MATERIAL SUPPLIED:
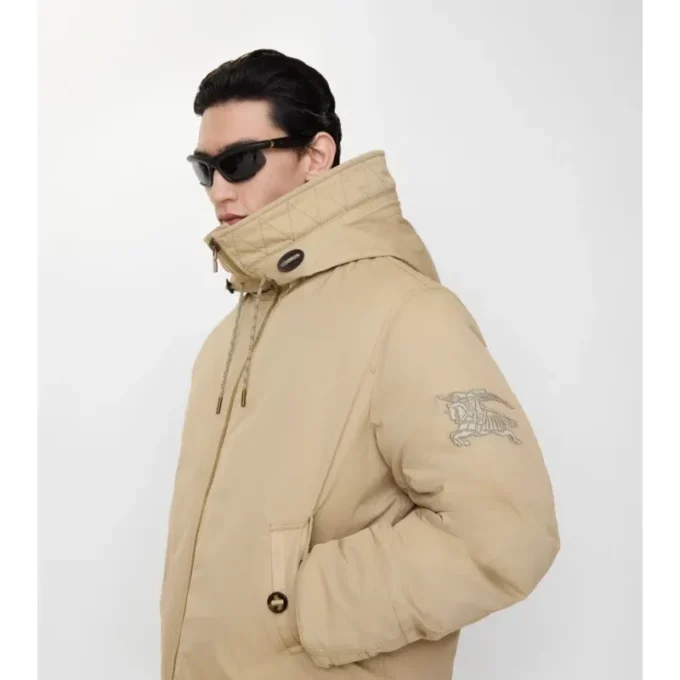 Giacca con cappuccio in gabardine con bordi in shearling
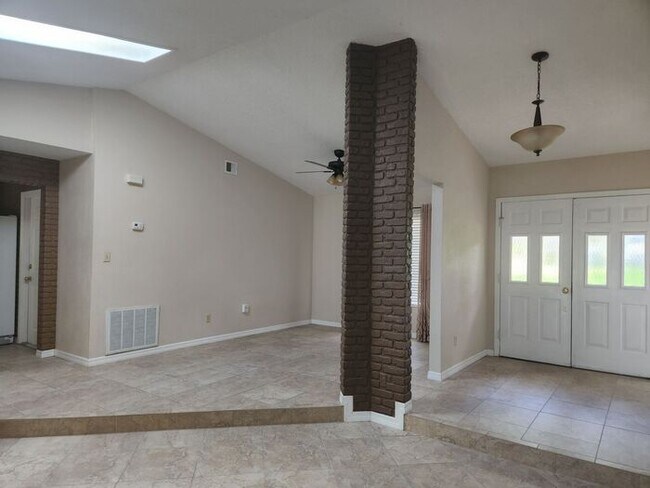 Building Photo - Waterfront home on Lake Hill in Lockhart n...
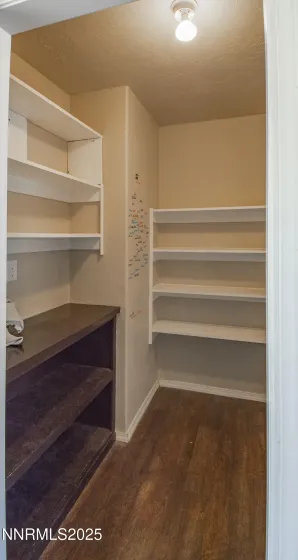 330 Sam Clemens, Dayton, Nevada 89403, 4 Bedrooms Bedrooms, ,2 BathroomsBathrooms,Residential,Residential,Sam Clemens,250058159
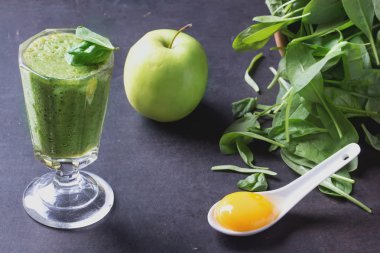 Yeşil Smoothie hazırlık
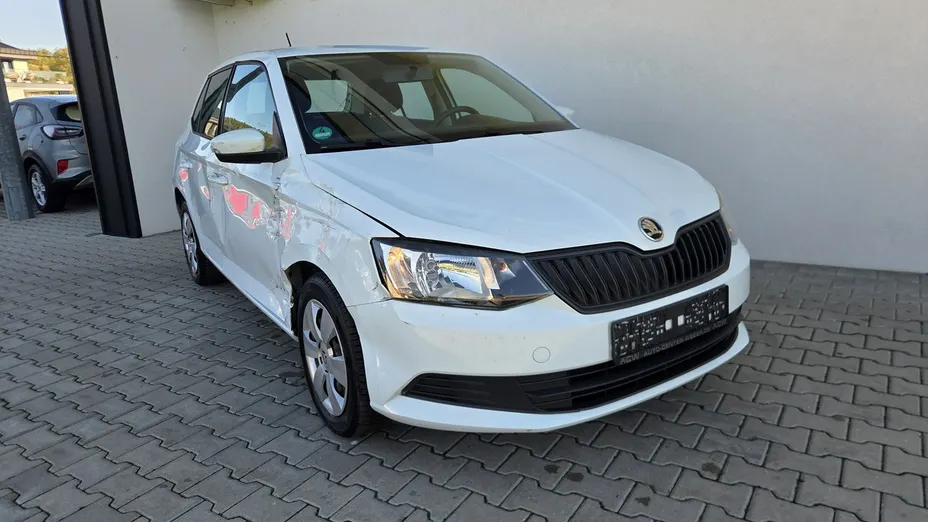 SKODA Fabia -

WORK TASK:
Give the entries above again in full and exactly, but not the pictures.

RESPONSE TO THIS EXERCISE:
 Giacca con cappuccio in gabardine con bordi in shearling
 Building Photo - Waterfront home on Lake Hill in Lockhart n...
 330 Sam Clemens, Dayton, Nevada 89403, 4 Bedrooms Bedrooms, ,2 BathroomsBathrooms,Residential,Residential,Sam Clemens,250058159
 Yeşil Smoothie hazırlık
 SKODA Fabia -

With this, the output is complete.